I got a little hung up on this code in sent_emb.py:

https://github.com/BinWang28/SBERT-WK-Sentence-Embedding/blob/ca65d43cbed637f2a7129669110782e9a6f7fe3b/sen_emb.py#L109-L112

It seems this is basically just a reshape operation that swaps the dimension representing the number of layers with the dimension representing the number of sentences. That can be vectorized and replaced with the following one-liner:

all_layer_embedding = torch.stack(features).permute(1, 0, 2, 3).cpu().numpy()

This is easier to read and should be slightly faster as it swaps a nested for loop for a series of vectorized operations.
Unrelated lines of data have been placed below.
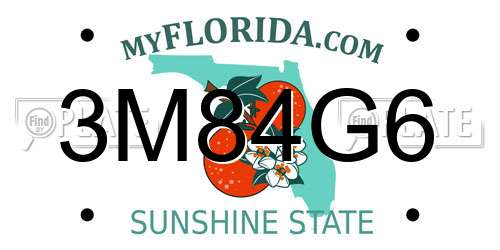 3M84G6 Florida License Plate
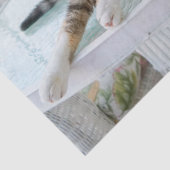 Mousseline papier de tissu du chat (Détail)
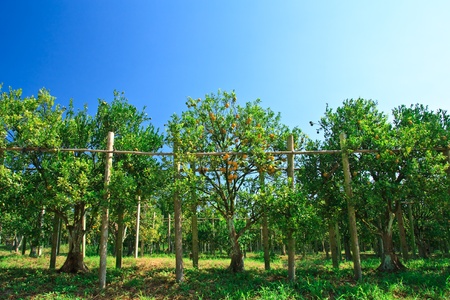 Orange garden in north of Thailandの写真素材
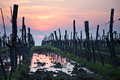 Vinograd u sum&hellip;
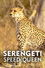 Serengeti Speed Queen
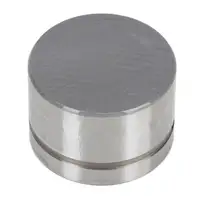 32x KOLBENSCHMIDT 50006421 Valve Tappet for MERCEDES W124, W210, W140, C140, M119 1040501225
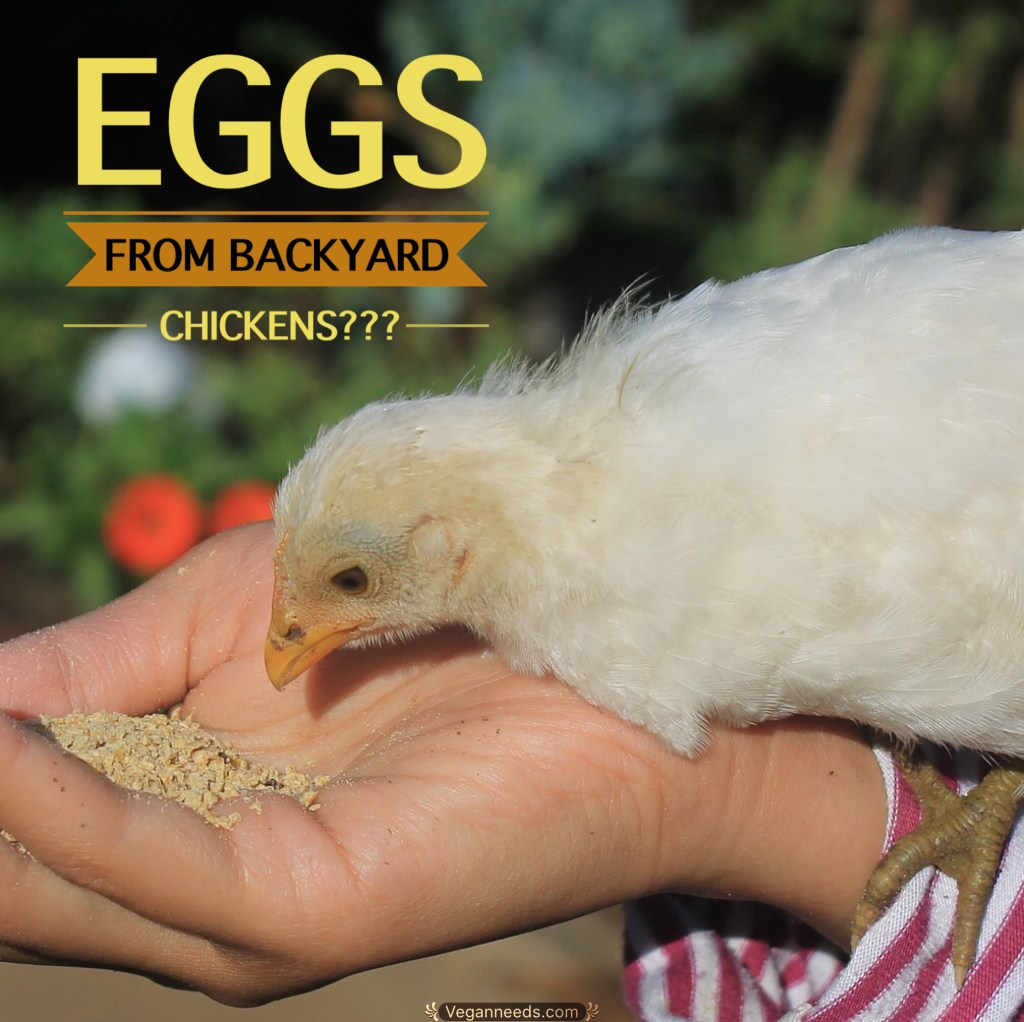 Eggs from Backyard&nbsp;Chickens?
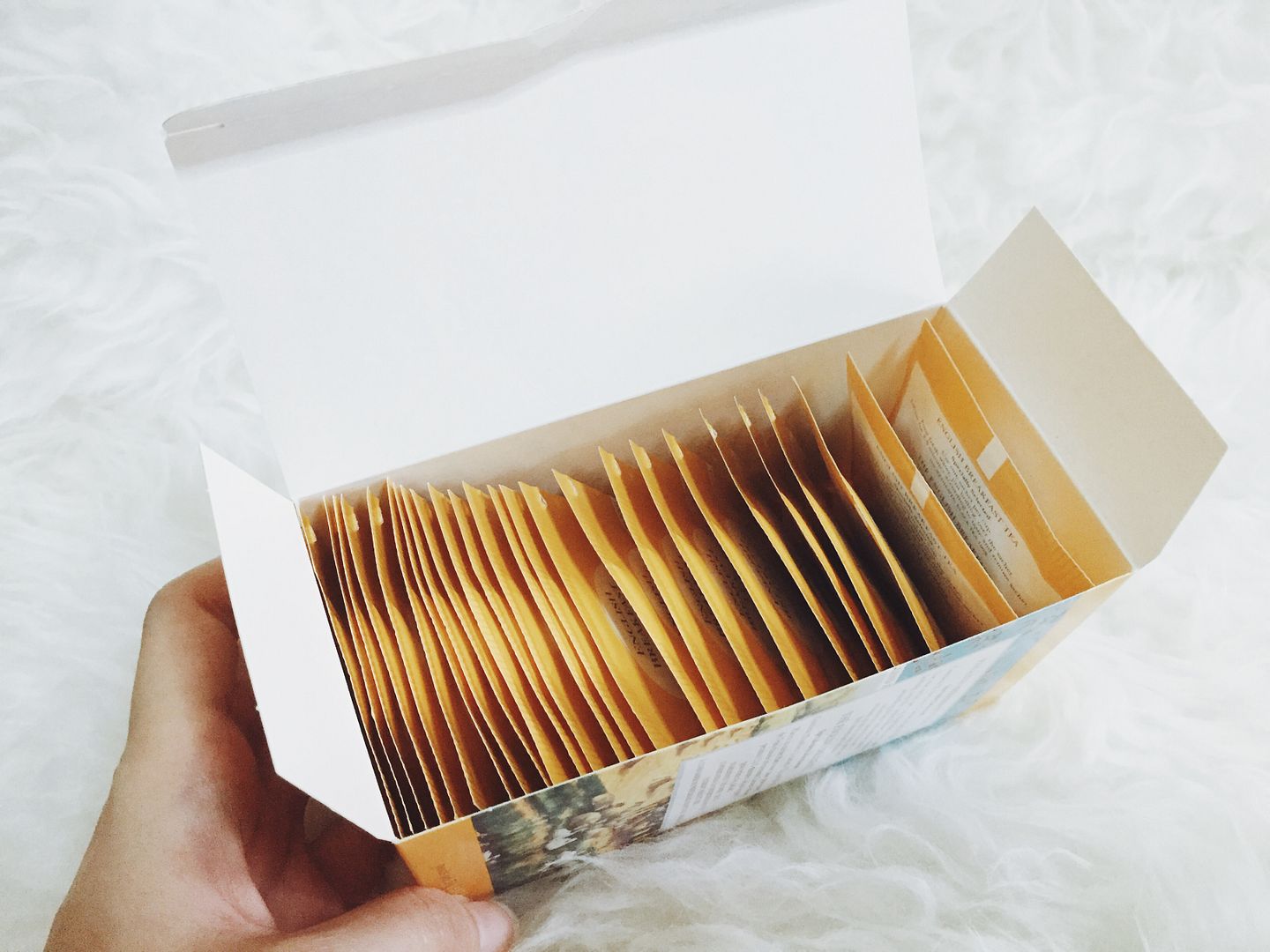 photo IMG_8896_zpsxfzoxsxh.jpg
I checked that the two approaches are equivalent:


# PROPOSED APPROACH
all_layer_embedding_approach_2 = torch.stack(features).permute(1, 0, 2, 3).cpu().numpy()

# CURRENT APPROACH
features = [layer_emb.cpu().numpy() for layer_emb in features]
all_layer_embedding = []
for i in range(features[0].shape[0]):
    all_layer_embedding.append(np.array([layer_emb[i] for layer_emb in features]))

# CHECK THAT THEY ARE EQUAL
assert np.array_equal(all_layer_embedding, all_layer_embedding_approach_2)

This PR just implements that change. I also black formatted sent_emb.py :smile:

BinWang28 commented 4 years ago

Thanks so much for helping improve the code! I also have double-checked!